Input data
============

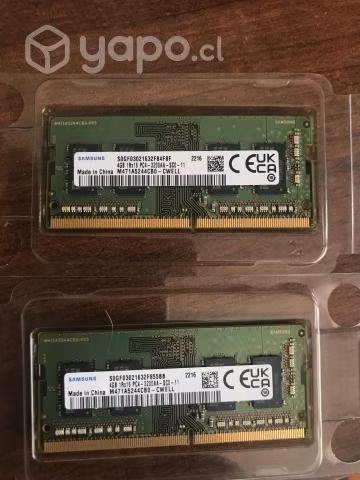 MEMORIAS RAM 4x2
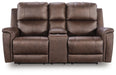 Bleckley Power Reclining Loveseat with Console - CasaBella Furniture (San Antonio, TX)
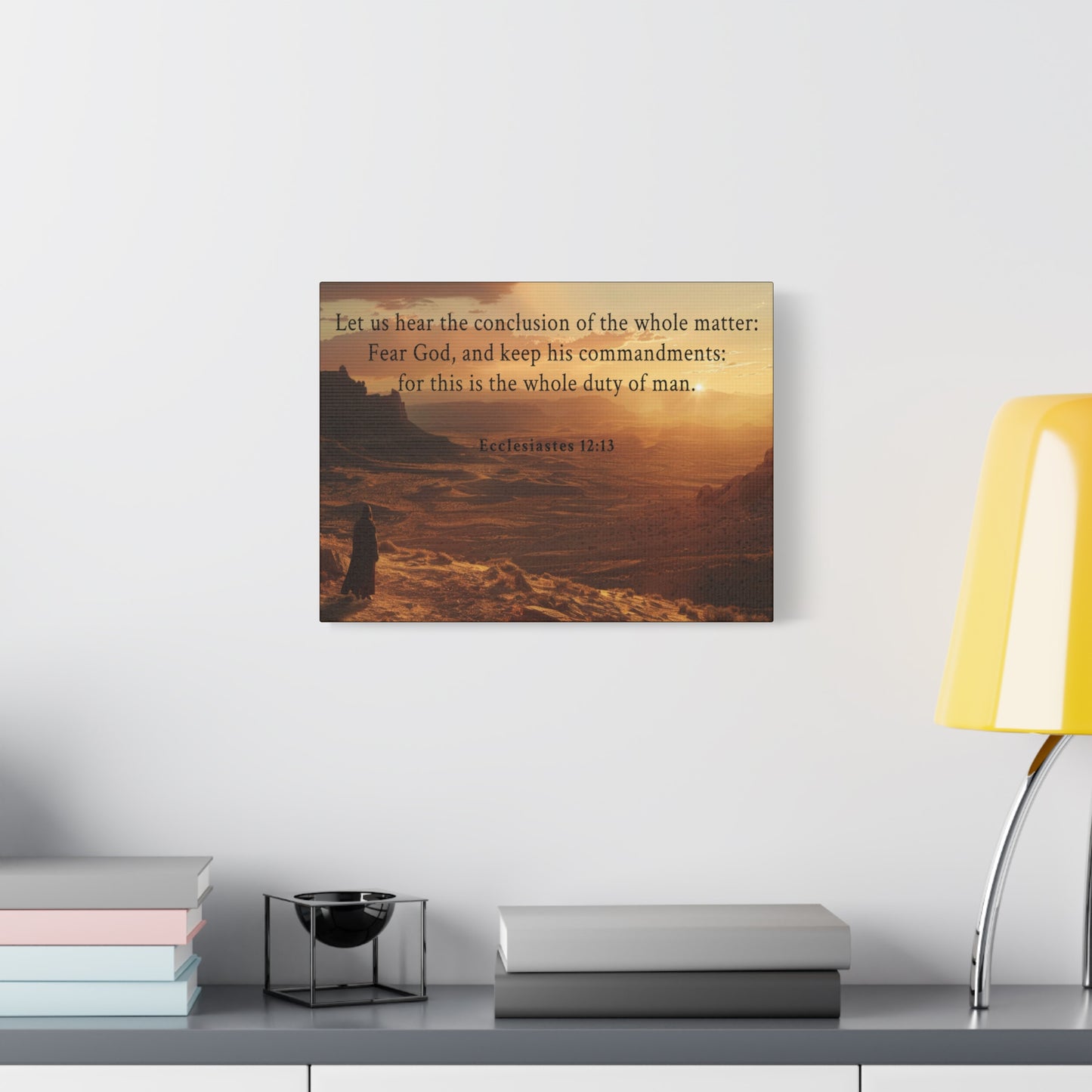 Scripture Walls Ecclesiastes 12:13 Bible Verse Canvas Christian Wall Art Ready to Hang Unframed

============

Leave out the pictures and reproduce the rest of the listing exactly.

 MEMORIAS RAM 4x2
 Bleckley Power Reclining Loveseat with Console - CasaBella Furniture (San Antonio, TX)
 Scripture Walls Ecclesiastes 12:13 Bible Verse Canvas Christian Wall Art Ready to Hang Unframed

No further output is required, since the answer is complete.